» Task instructions
What you should give back is a precise copy of the lines below from the one containing "2023 Toyota RAV4 Hybrid XLE" through the one containing "2 beds, 1 bath, $995", with no pictures.

» Data extracts
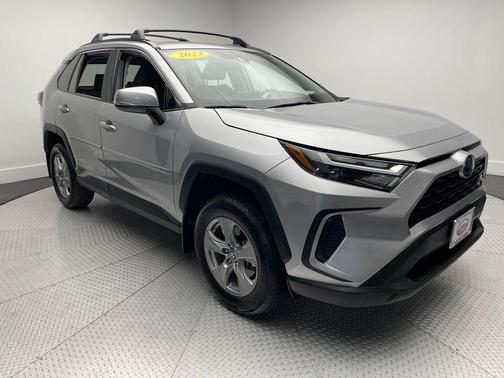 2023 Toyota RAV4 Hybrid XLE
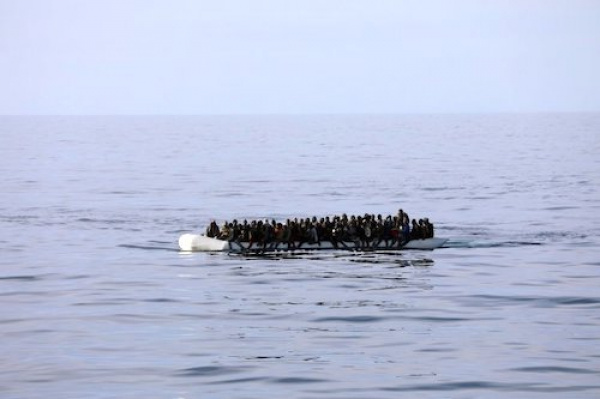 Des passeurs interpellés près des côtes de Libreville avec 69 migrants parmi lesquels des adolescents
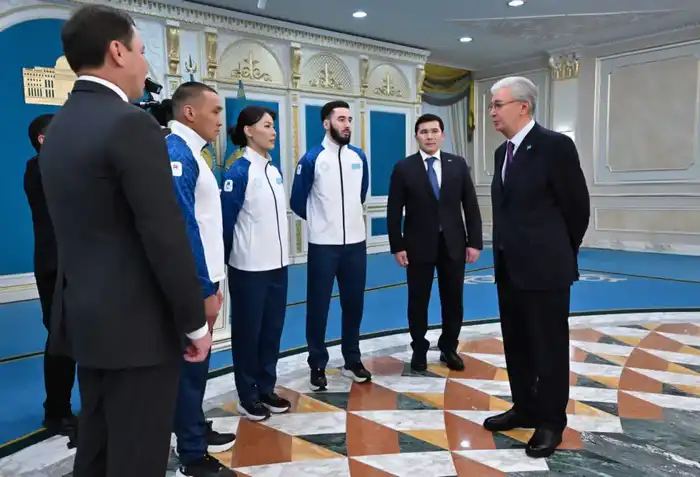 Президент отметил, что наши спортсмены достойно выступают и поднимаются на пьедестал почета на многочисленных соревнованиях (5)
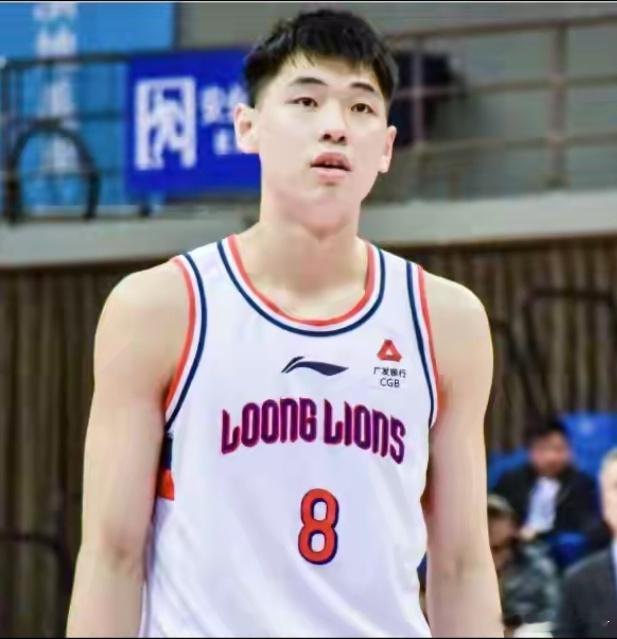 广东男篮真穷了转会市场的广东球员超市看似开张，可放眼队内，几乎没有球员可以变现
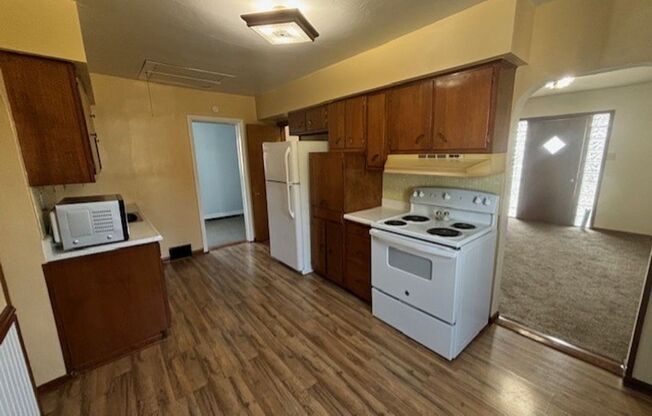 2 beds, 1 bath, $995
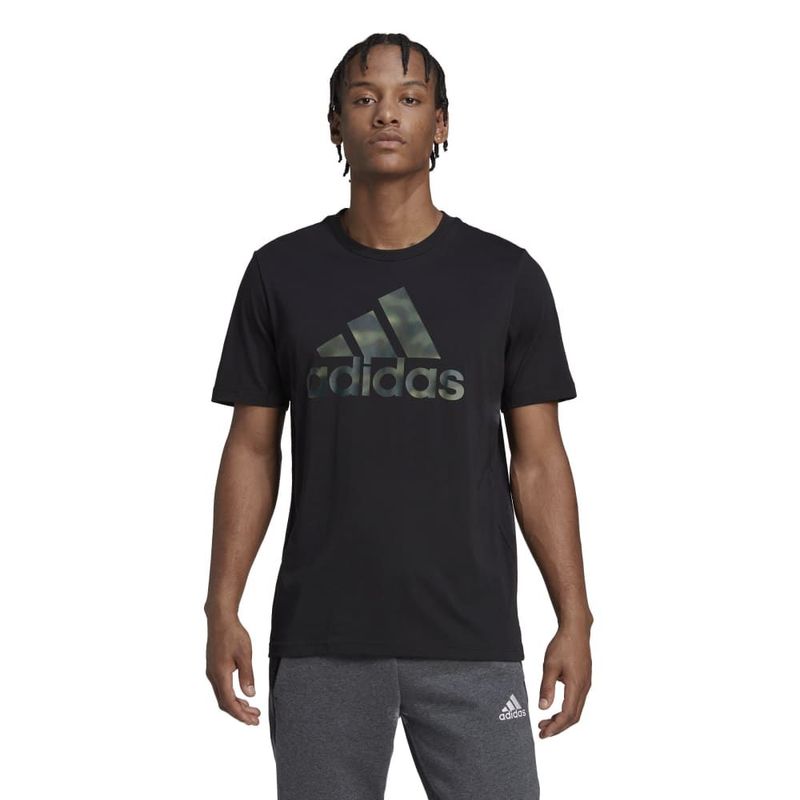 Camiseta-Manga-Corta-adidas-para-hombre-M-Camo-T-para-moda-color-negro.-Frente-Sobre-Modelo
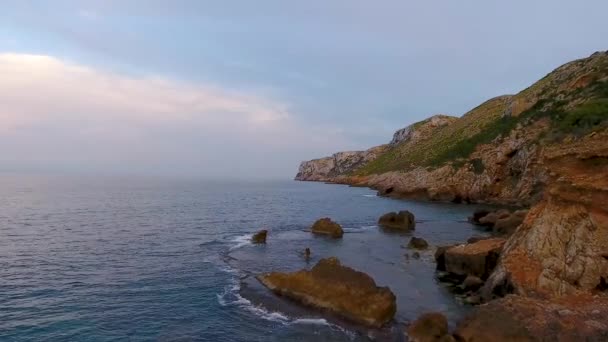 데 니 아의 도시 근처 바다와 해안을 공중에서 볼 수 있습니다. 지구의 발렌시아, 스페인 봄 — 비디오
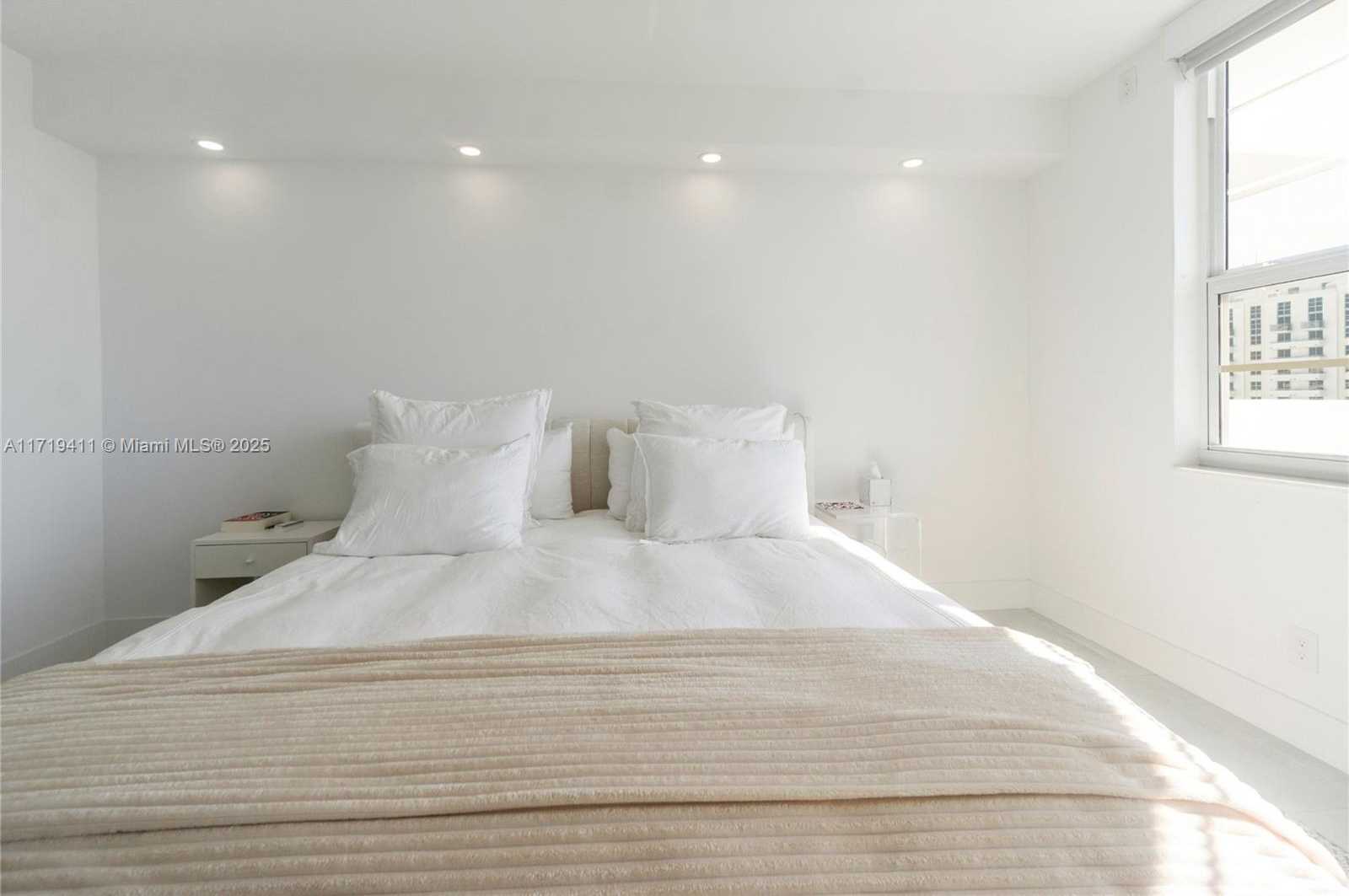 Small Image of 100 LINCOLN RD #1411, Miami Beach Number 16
* * *
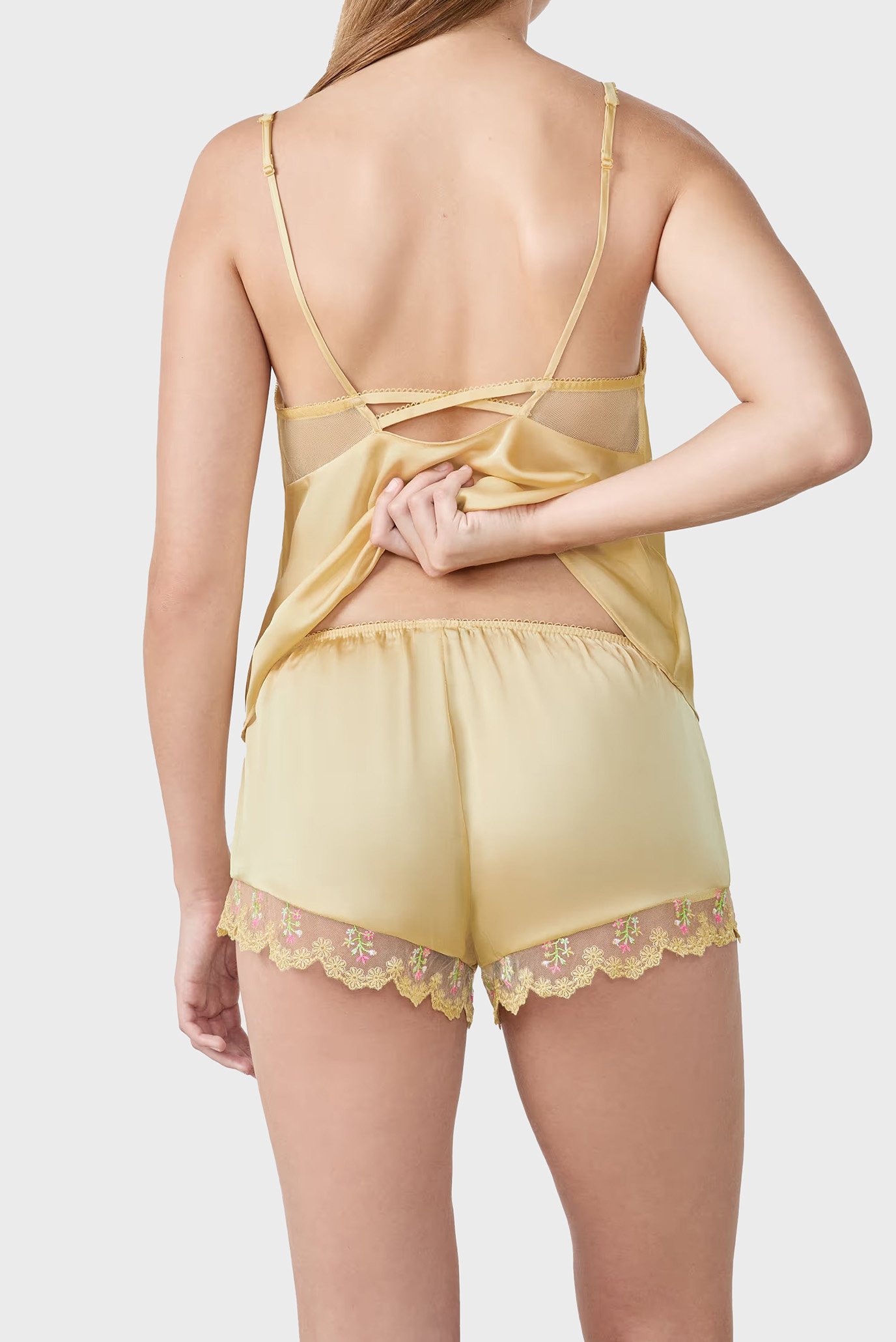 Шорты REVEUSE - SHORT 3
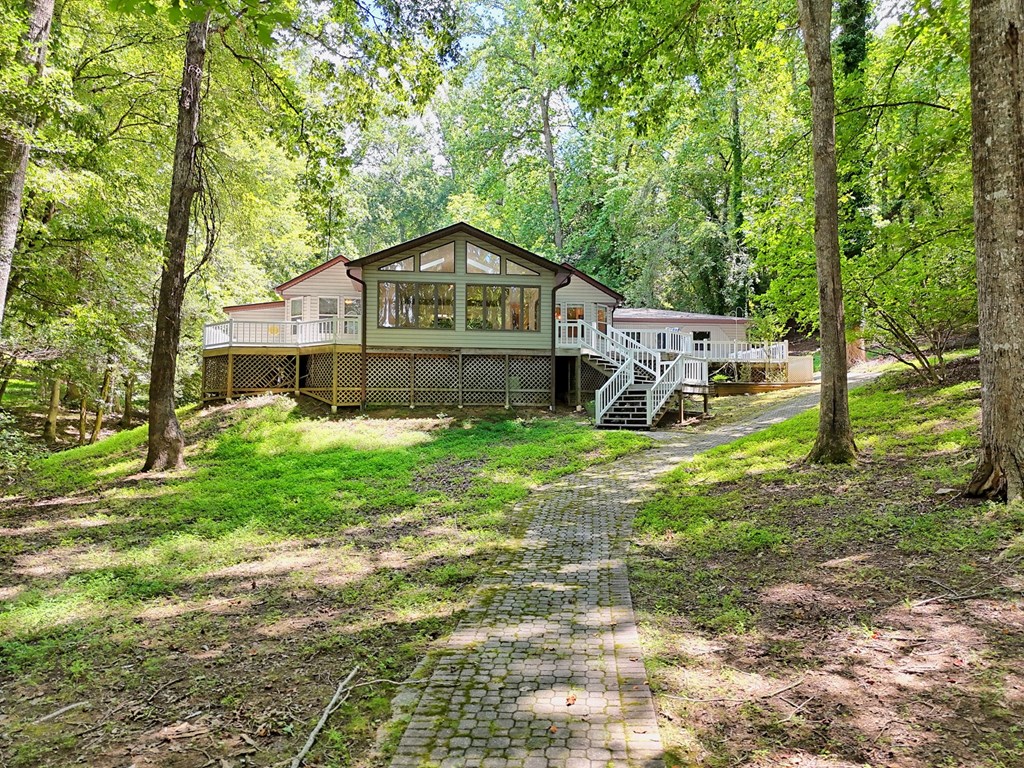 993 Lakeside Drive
---
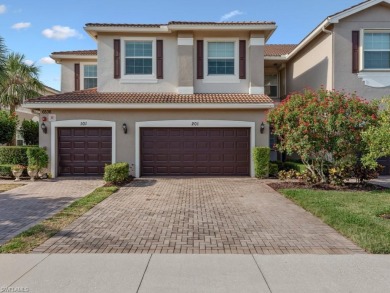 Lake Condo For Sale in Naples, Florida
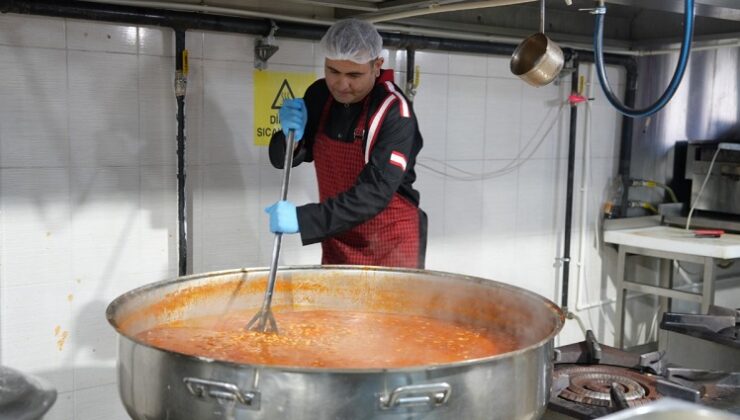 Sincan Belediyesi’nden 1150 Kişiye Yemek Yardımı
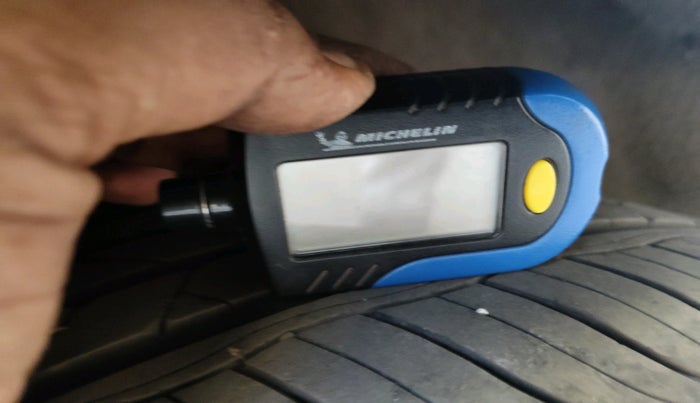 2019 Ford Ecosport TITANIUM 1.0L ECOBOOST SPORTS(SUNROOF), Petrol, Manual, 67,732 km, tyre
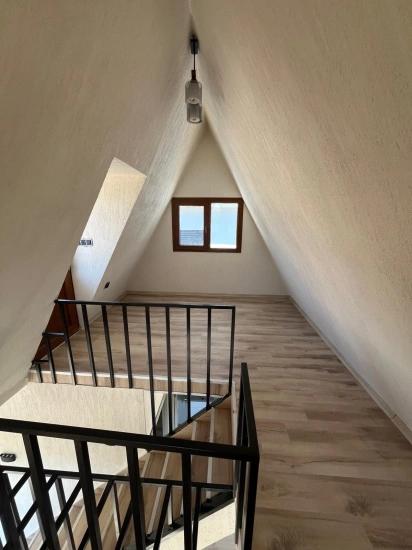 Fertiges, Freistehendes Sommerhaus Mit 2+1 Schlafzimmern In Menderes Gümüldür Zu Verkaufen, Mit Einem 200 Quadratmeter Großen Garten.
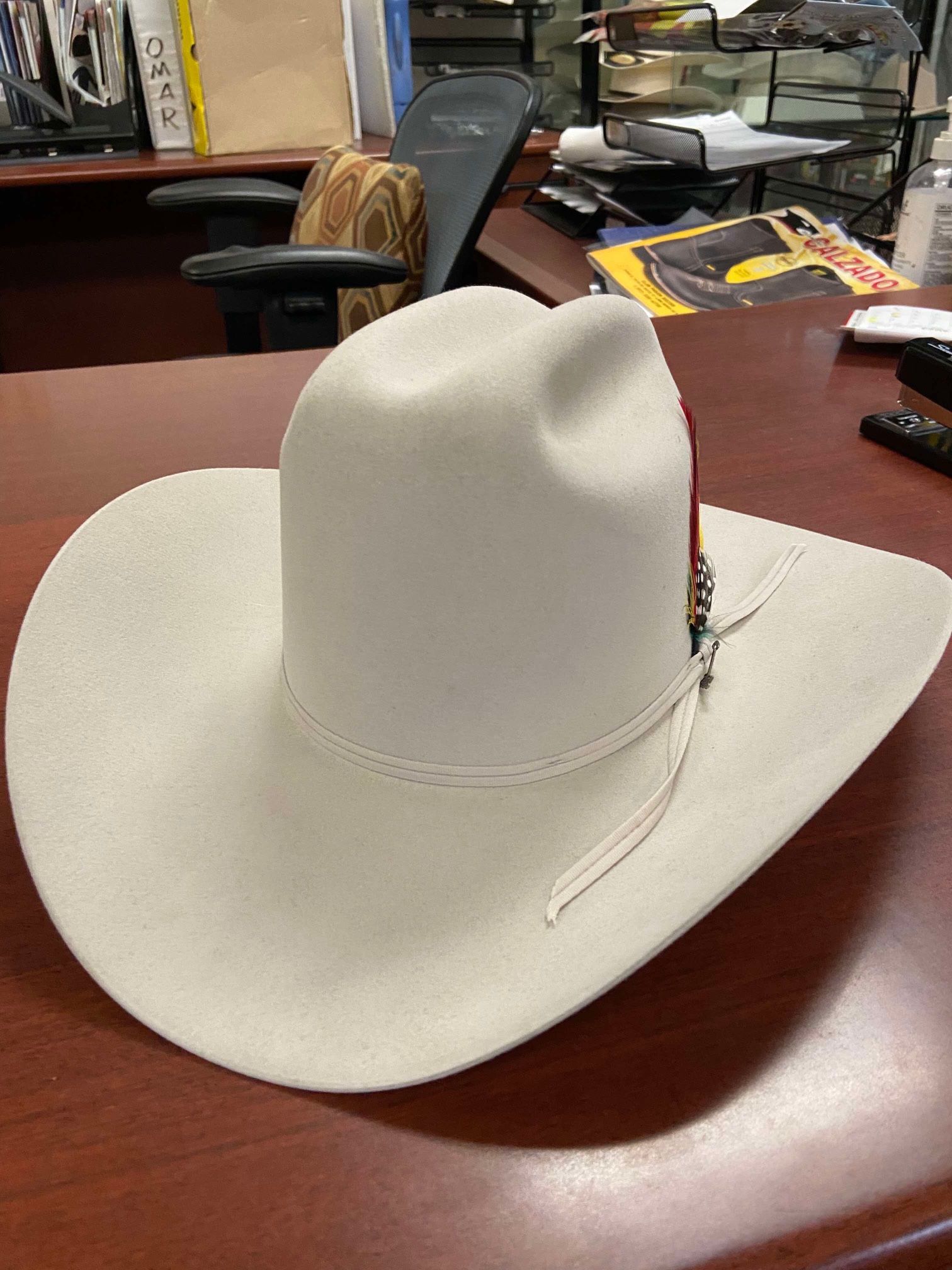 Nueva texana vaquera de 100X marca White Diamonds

» Result
 2023 Toyota RAV4 Hybrid XLE
 Des passeurs interpellés près des côtes de Libreville avec 69 migrants parmi lesquels des adolescents
 Президент отметил, что наши спортсмены достойно выступают и поднимаются на пьедестал почета на многочисленных соревнованиях (5)
 广东男篮真穷了转会市场的广东球员超市看似开张，可放眼队内，几乎没有球员可以变现
 2 beds, 1 bath, $995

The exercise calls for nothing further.